#### [Action item]
Look through the data below for the line with "Essentials Embossed Big Kids’ Cotton Fleece Hoodie Essentials" and the line with "Black leather bag - Picture 5 of 7", then transcribe exactly from the first through the second, leaving out all pictures.

#### [Data supplied]
__________

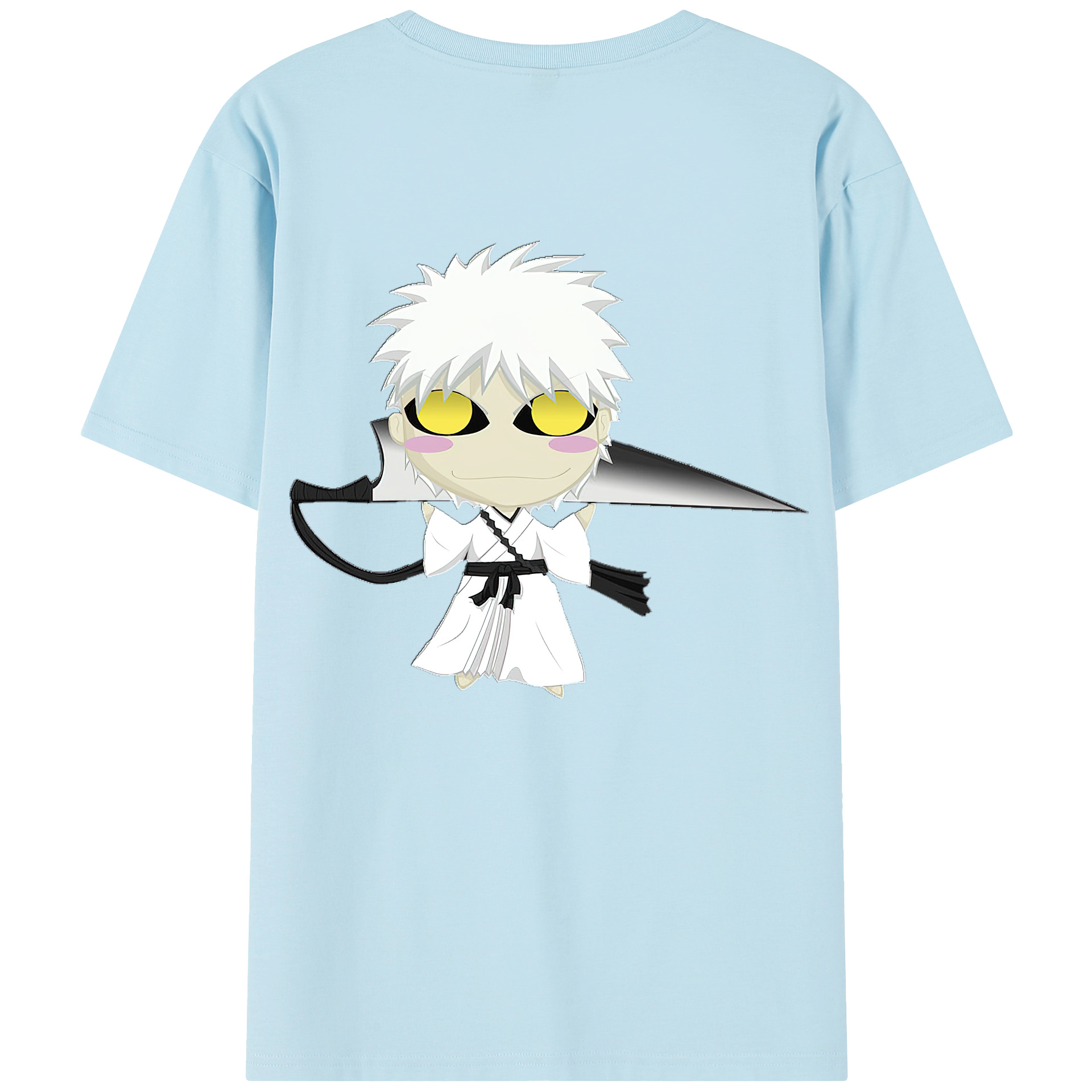 （画像用） ブリーチ 黒崎一護（くろさき いちご）BLEACH Kurosaki Ichigo 綿100％半袖Tシャツ（背面プリント）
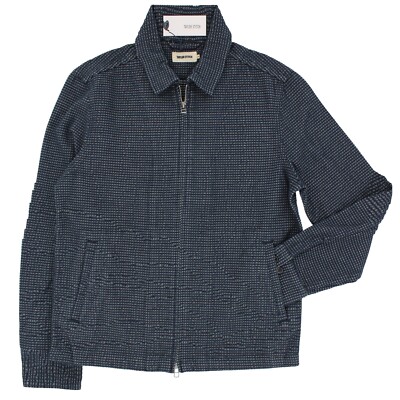 Taylor Stitch Men's Cavern Jacket Navy Dobby Cotton Full Zip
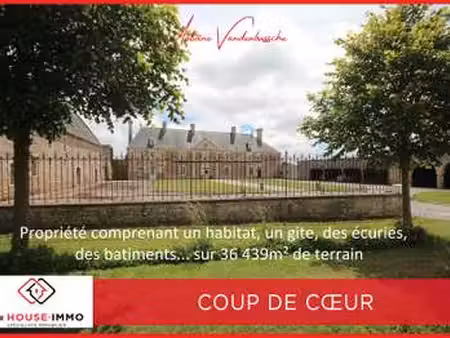 vente maison à isigny-sur-mer (14230) : à vendre / 333m² isigny-sur-mer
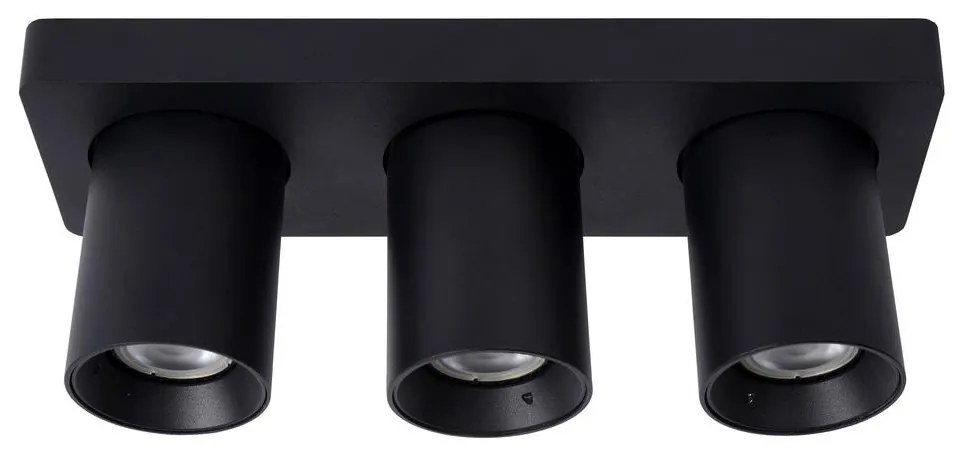 Lucide 09929/15/30 - LED Stmievateľné bodové svietidlo NIGEL 3xGU10/5W/230V čierna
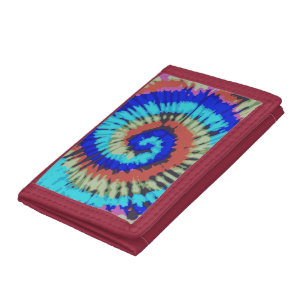 Tie Dye Trifold Wallet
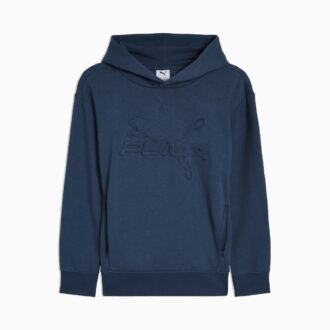 Essentials Embossed Big Kids’ Cotton Fleece Hoodie Essentials Embossed Big Kids’ Cotton Fleece Hoodie
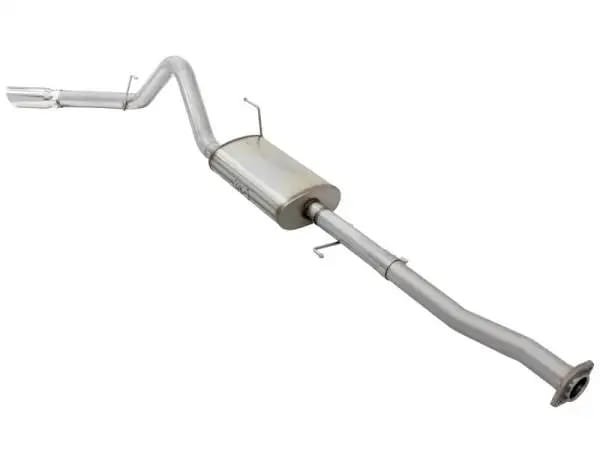 aFe MACHForce XP Exhaust 3in-3.5in SS Single Side Ext CB w/ Polished Tips 15 Ford F150 V8 5.0L CC/SB thumbnail 4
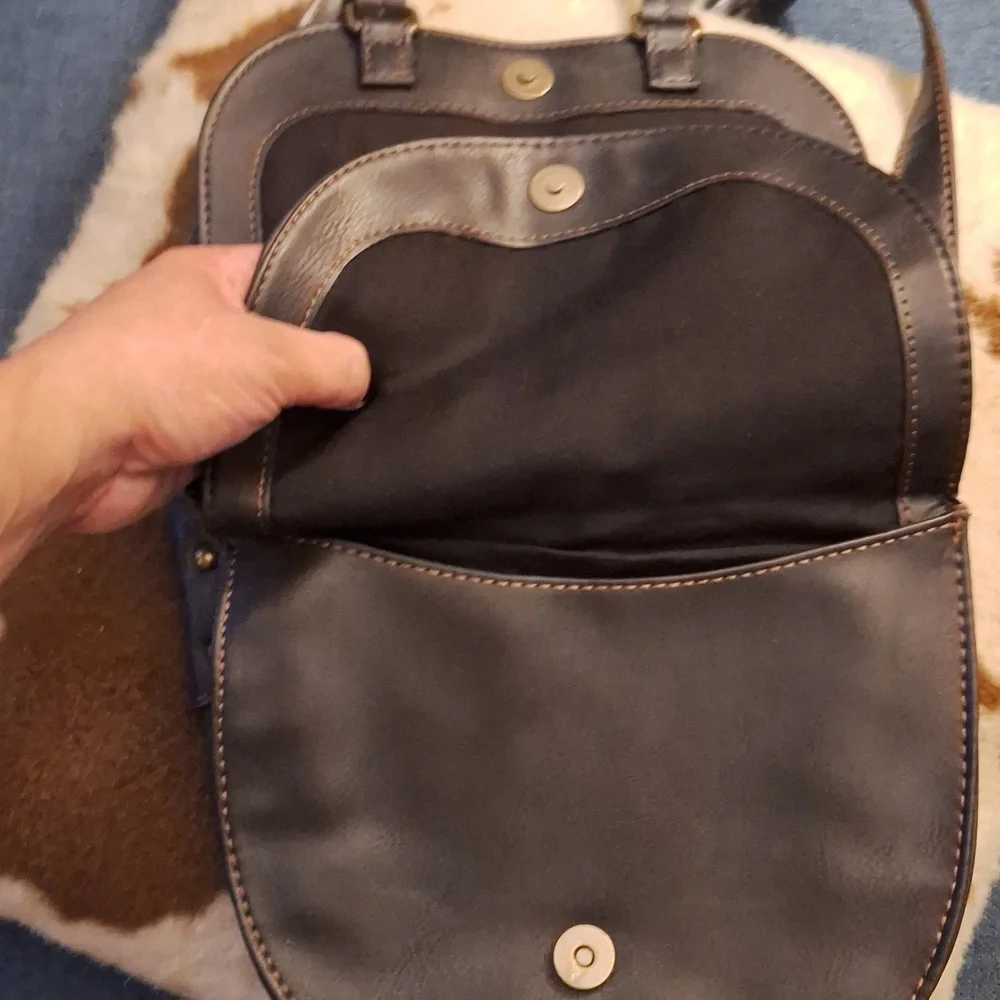 Black leather bag - Picture 5 of 7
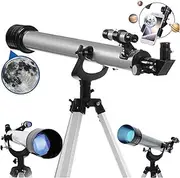 Ultra Hd, Telescope 600Mm Aperture Mount Fully Mult,Telescope - -Coated Optics Telescopes for Adults Telescope for Beginners Astronomy Refractor Telescope Double The Comfort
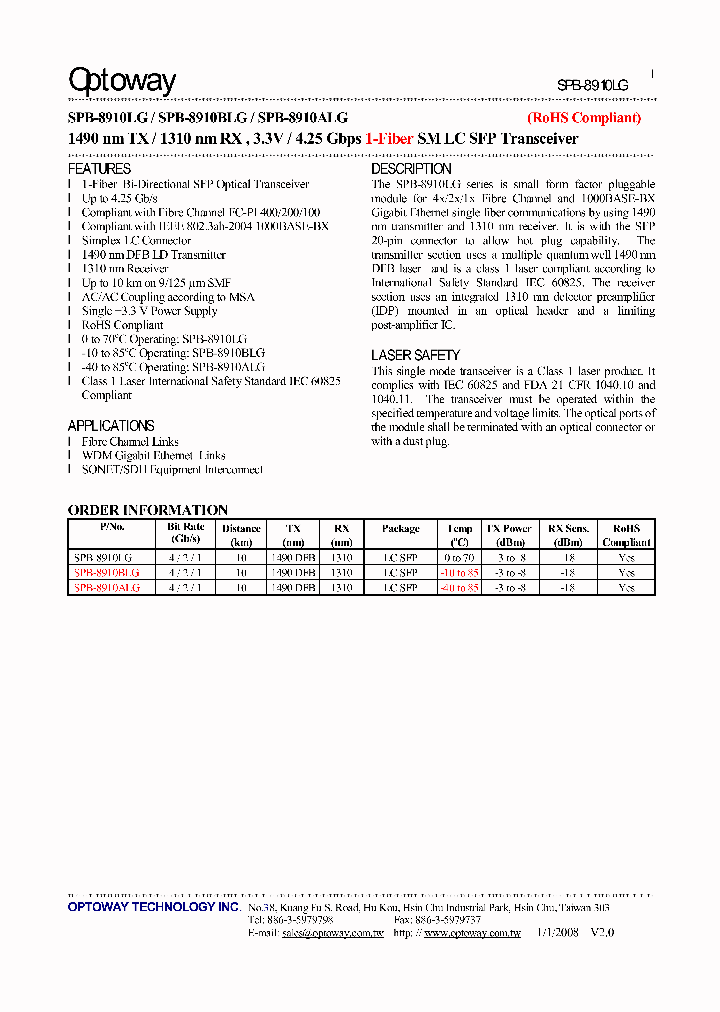 SPB-8910ALG_3288494.PDF Datasheet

__________

#### [Answer to this problem]
 Essentials Embossed Big Kids’ Cotton Fleece Hoodie Essentials Embossed Big Kids’ Cotton Fleece Hoodie
 aFe MACHForce XP Exhaust 3in-3.5in SS Single Side Ext CB w/ Polished Tips 15 Ford F150 V8 5.0L CC/SB thumbnail 4
 Black leather bag - Picture 5 of 7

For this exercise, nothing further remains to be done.